[[ ENTRIES SUPPLIED open ]]
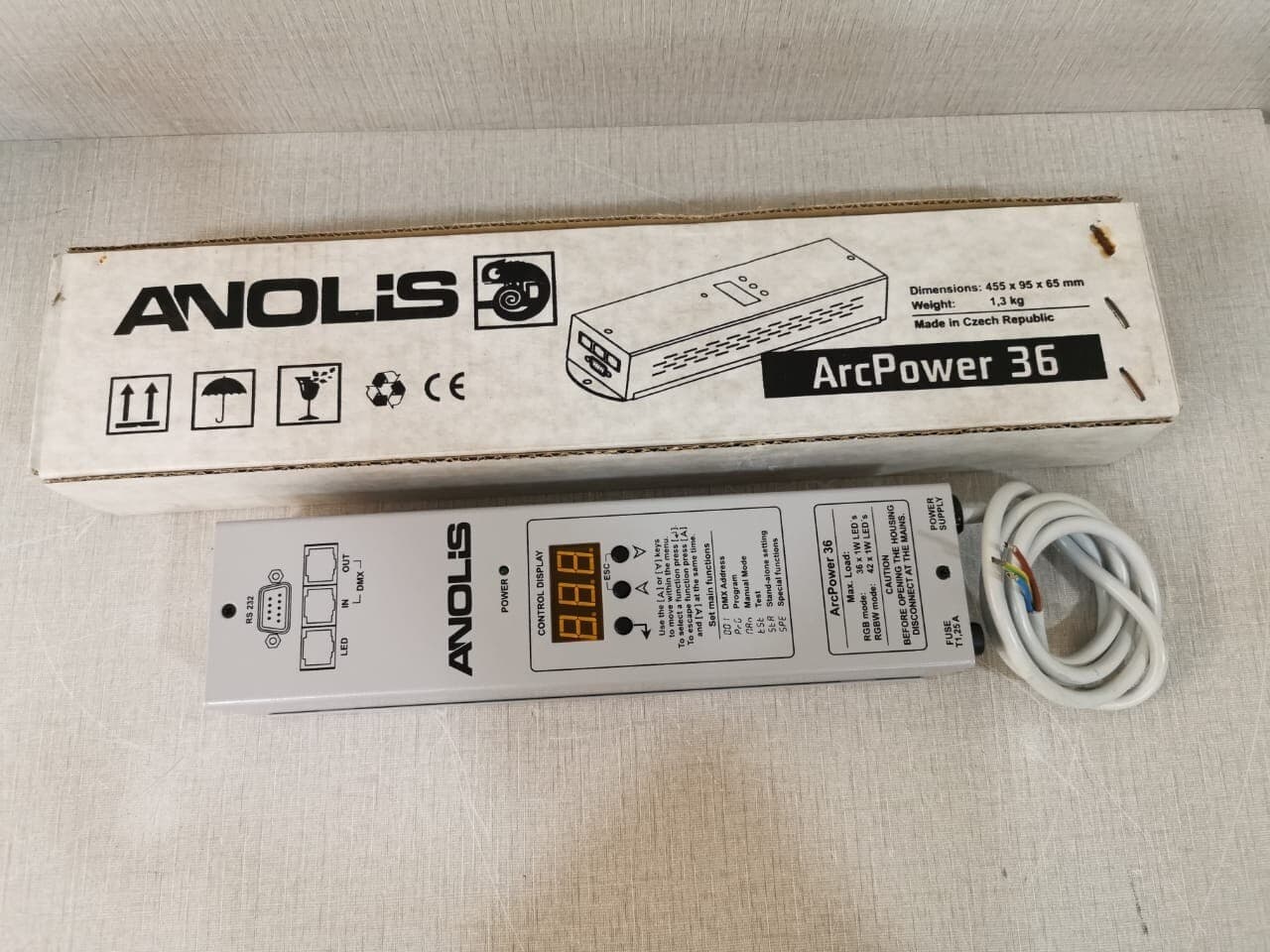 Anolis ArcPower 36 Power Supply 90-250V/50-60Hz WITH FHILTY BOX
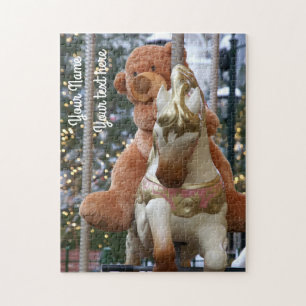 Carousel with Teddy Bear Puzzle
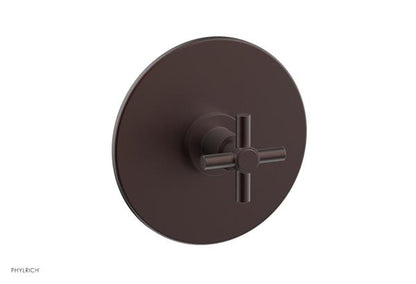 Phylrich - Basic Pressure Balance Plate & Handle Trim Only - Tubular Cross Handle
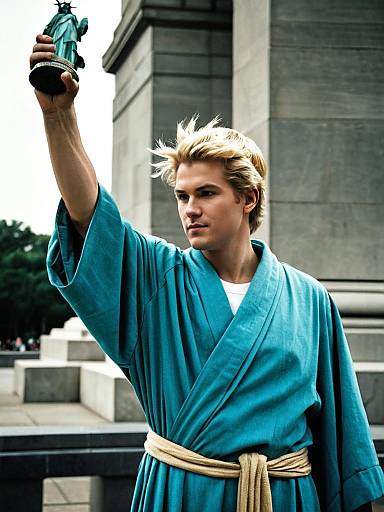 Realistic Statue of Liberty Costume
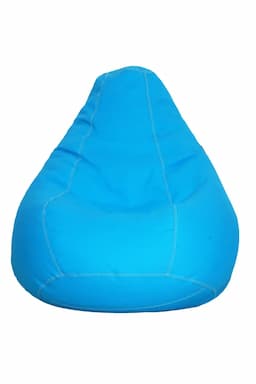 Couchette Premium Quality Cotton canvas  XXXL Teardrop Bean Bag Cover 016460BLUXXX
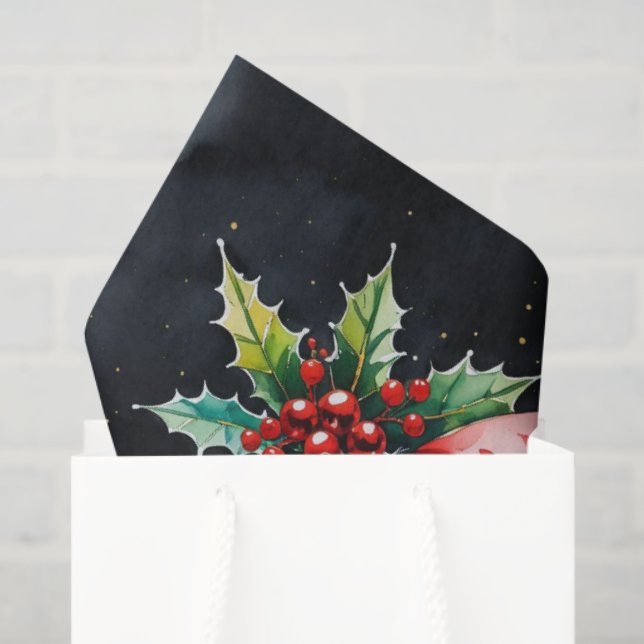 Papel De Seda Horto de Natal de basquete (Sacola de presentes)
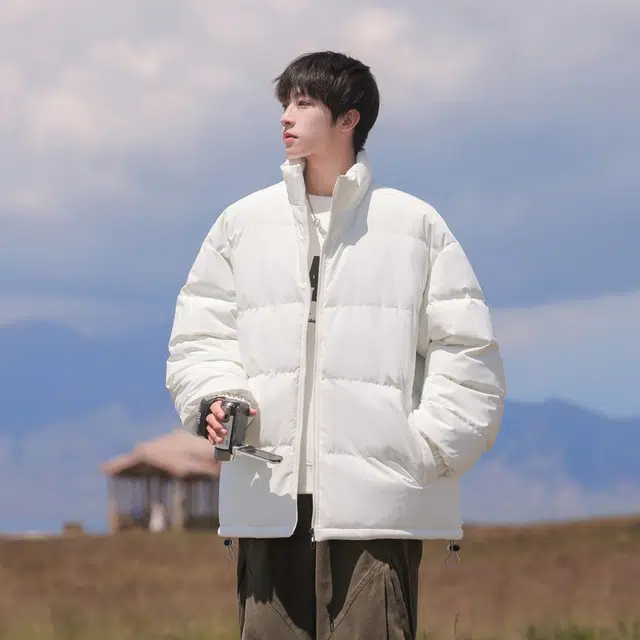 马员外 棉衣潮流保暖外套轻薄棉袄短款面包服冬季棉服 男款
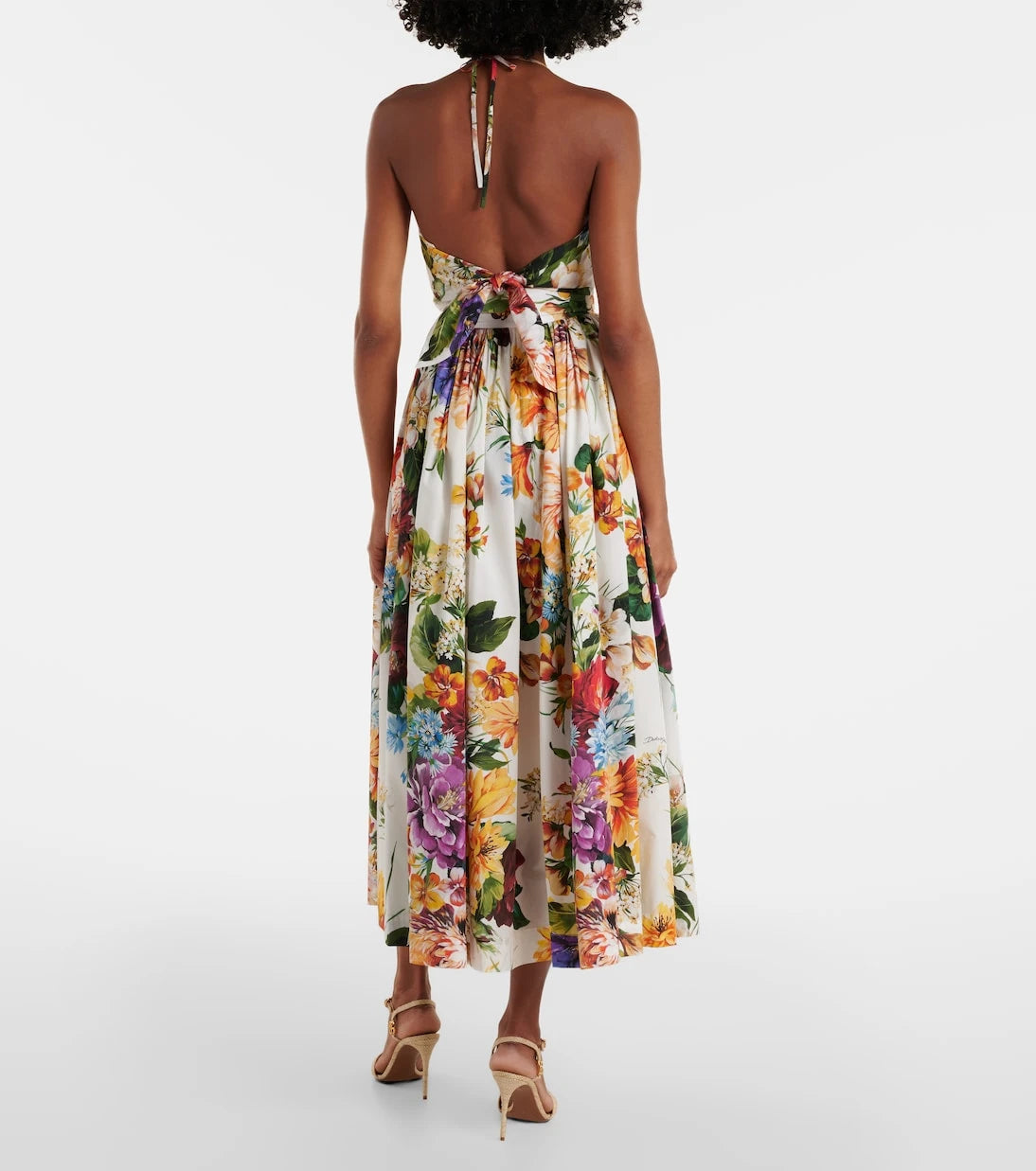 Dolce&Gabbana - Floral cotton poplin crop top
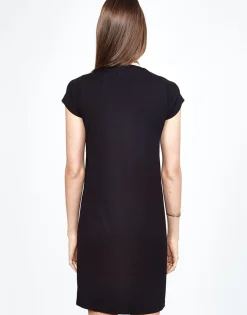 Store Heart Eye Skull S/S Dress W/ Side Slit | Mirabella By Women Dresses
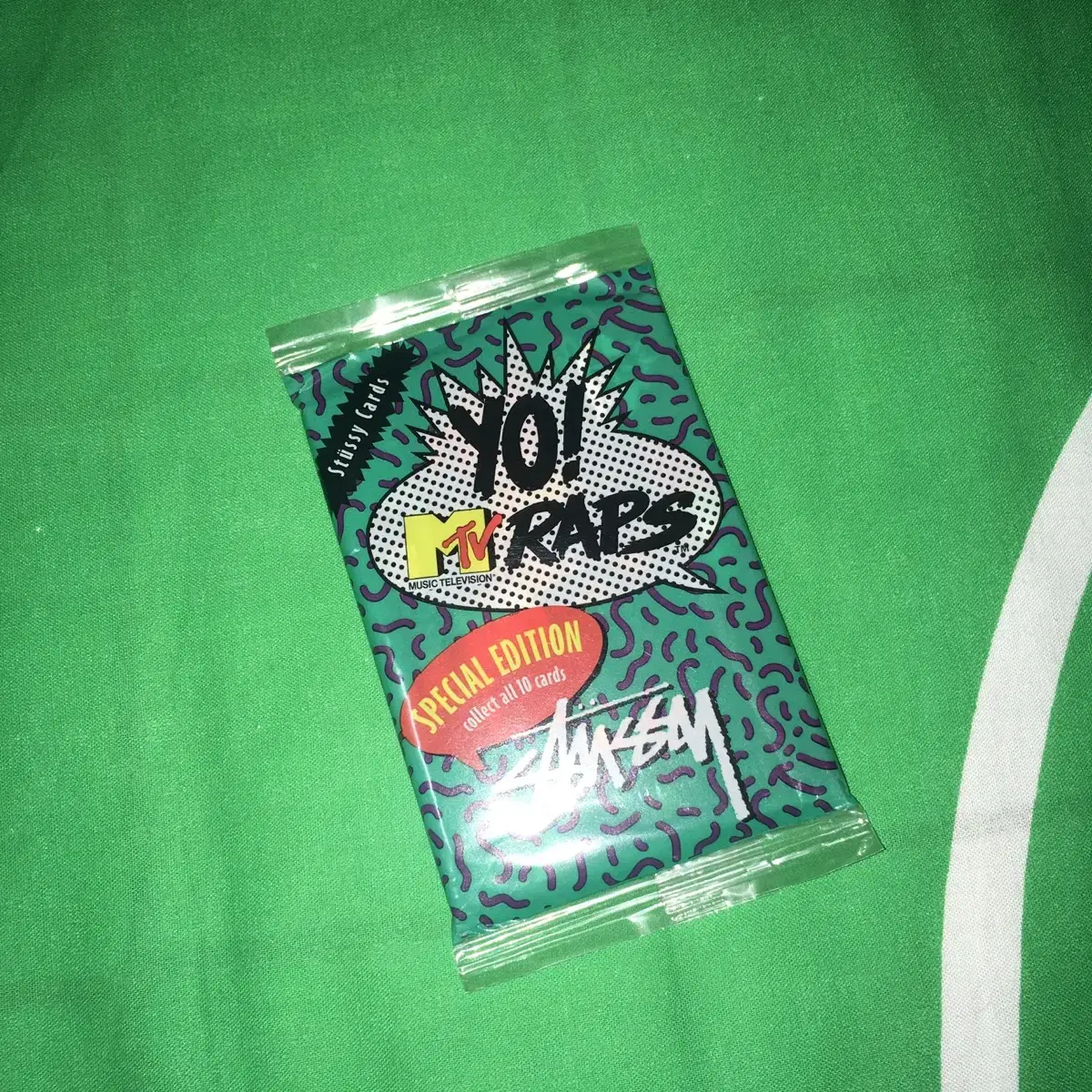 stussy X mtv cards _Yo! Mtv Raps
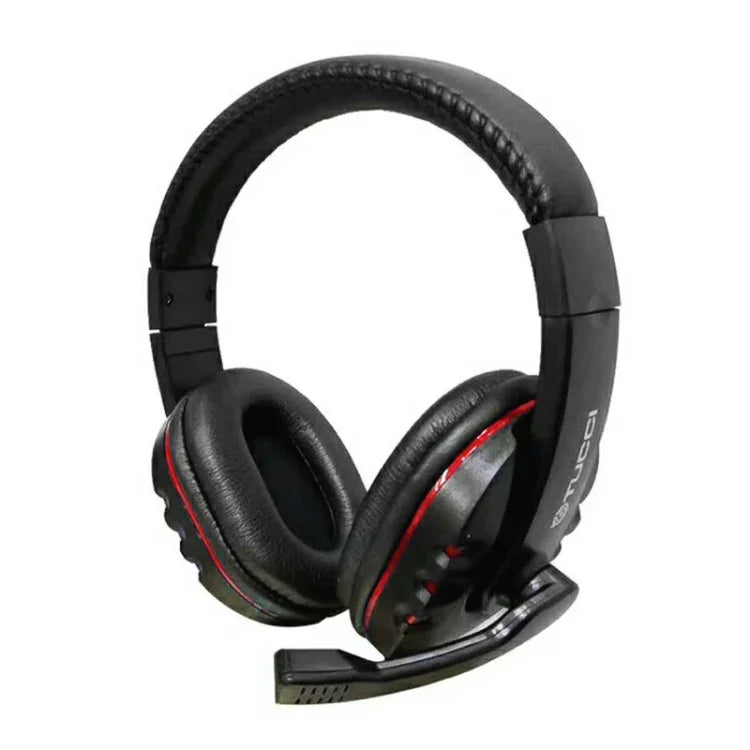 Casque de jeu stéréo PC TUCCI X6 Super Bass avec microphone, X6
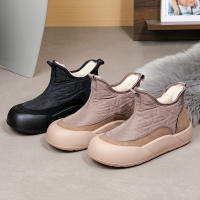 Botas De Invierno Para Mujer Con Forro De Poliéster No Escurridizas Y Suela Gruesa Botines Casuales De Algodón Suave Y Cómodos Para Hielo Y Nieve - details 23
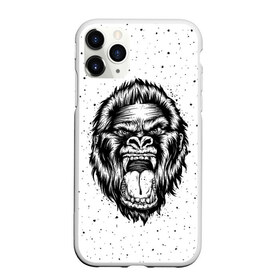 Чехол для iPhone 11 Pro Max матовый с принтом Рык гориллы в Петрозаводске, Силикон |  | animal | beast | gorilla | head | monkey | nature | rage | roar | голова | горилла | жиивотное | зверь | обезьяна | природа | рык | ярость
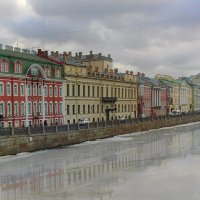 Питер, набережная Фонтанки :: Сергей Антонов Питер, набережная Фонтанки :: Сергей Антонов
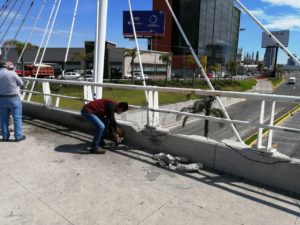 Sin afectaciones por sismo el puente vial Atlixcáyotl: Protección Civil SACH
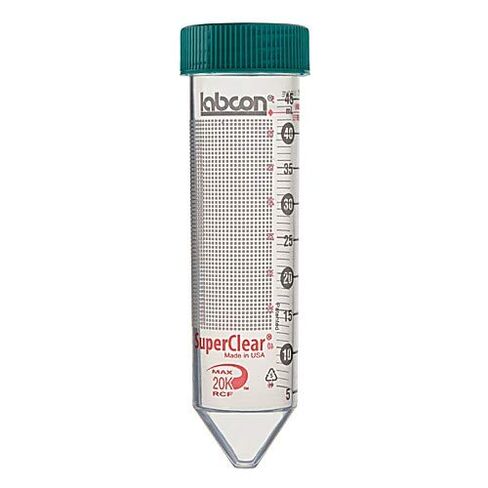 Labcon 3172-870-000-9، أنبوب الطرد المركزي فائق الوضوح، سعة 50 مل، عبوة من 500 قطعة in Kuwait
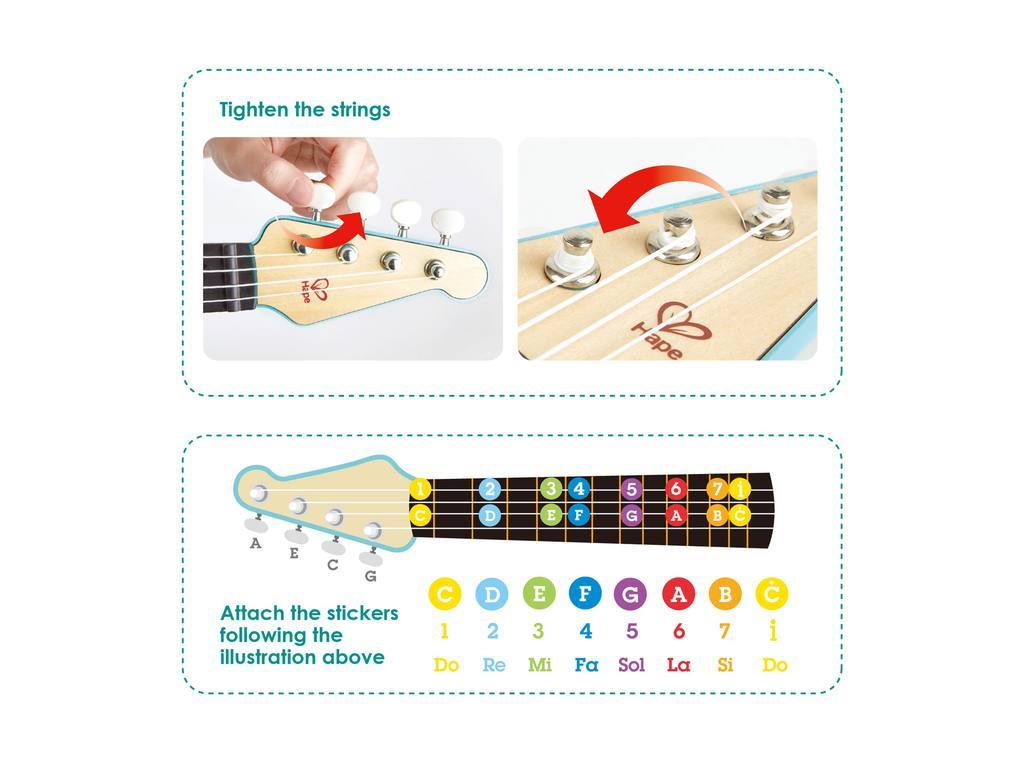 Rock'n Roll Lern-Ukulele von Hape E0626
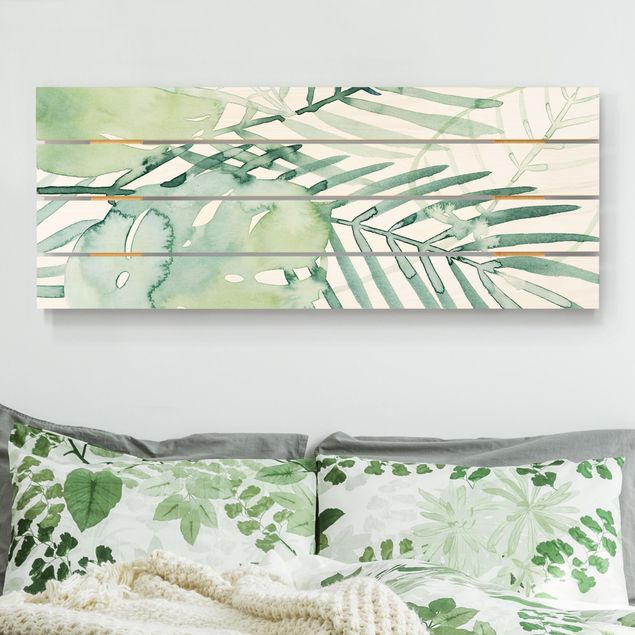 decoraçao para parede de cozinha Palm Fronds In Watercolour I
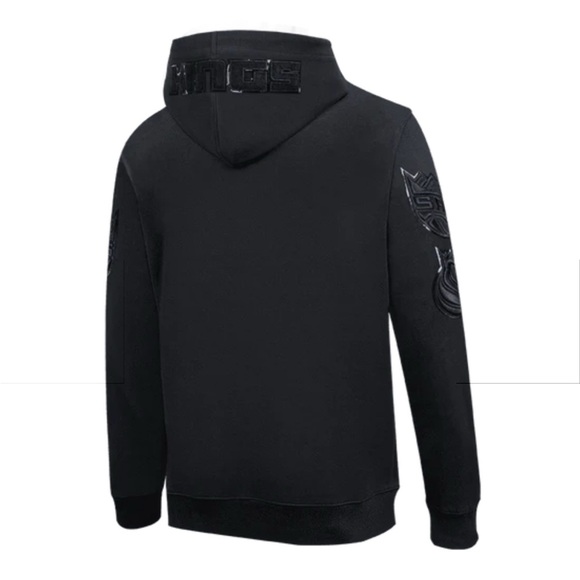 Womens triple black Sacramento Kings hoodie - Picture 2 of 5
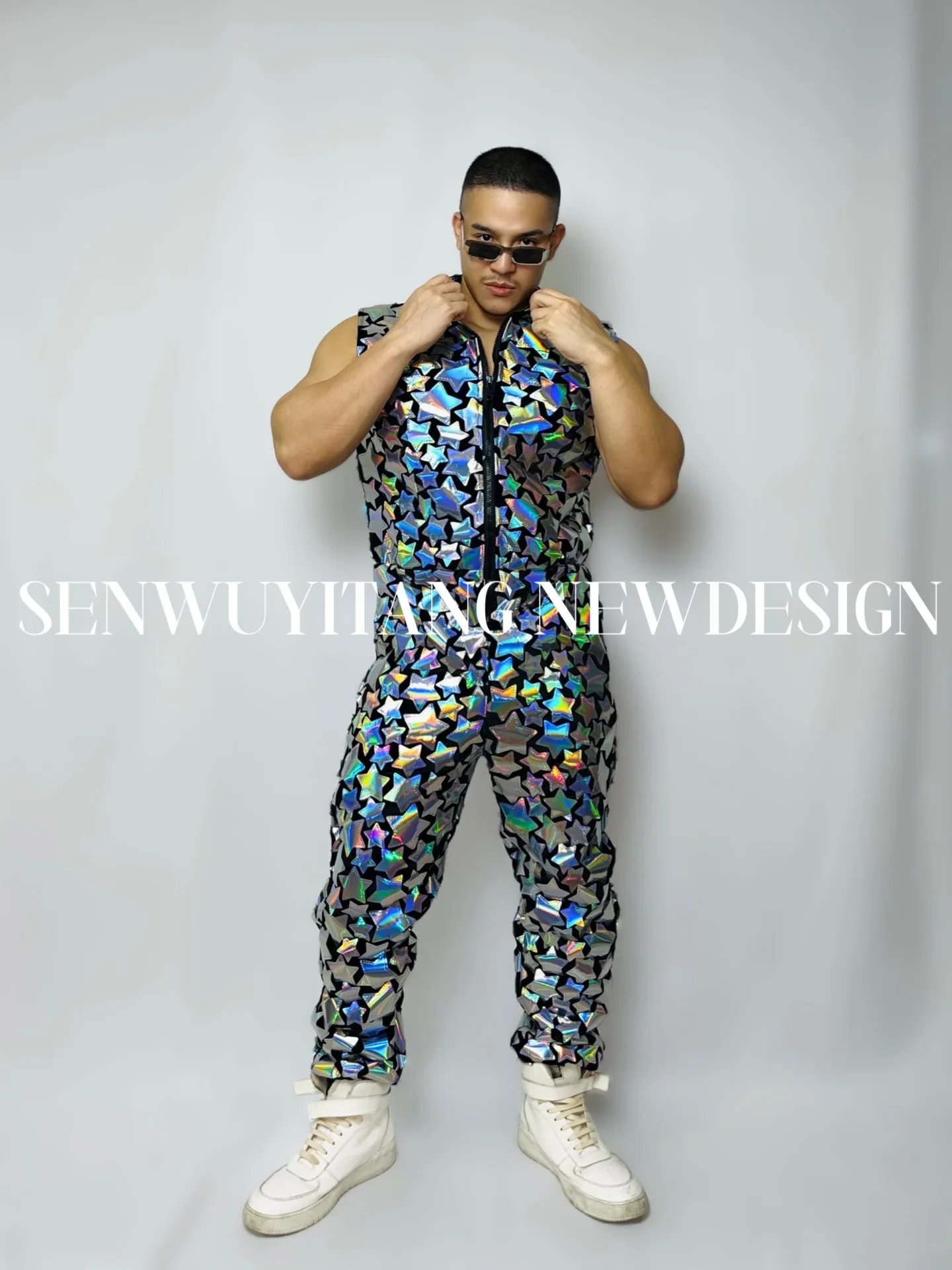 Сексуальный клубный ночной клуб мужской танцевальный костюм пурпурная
[[ ENTRIES SUPPLIED closed ]]
[EXERCISE INSTRUCTIONS]: Text only, no pictures: please print exactly the lines above from the line with "Store Heart Eye" up to and including the line with "Чехол для iPhone", and nothing else.

[ANSWER SECTION]:
 Store Heart Eye Skull S/S Dress W/ Side Slit | Mirabella By Women Dresses
 stussy X mtv cards _Yo! Mtv Raps
 Casque de jeu stéréo PC TUCCI X6 Super Bass avec microphone, X6
 Botas De Invierno Para Mujer Con Forro De Poliéster No Escurridizas Y Suela Gruesa Botines Casuales De Algodón Suave Y Cómodos Para Hielo Y Nieve - details 23
 Чехол для iPhone 11 Pro Max матовый с принтом Рык гориллы в Петрозаводске, Силикон |  | animal | beast | gorilla | head | monkey | nature | rage | roar | голова | горилла | жиивотное | зверь | обезьяна | природа | рык | ярость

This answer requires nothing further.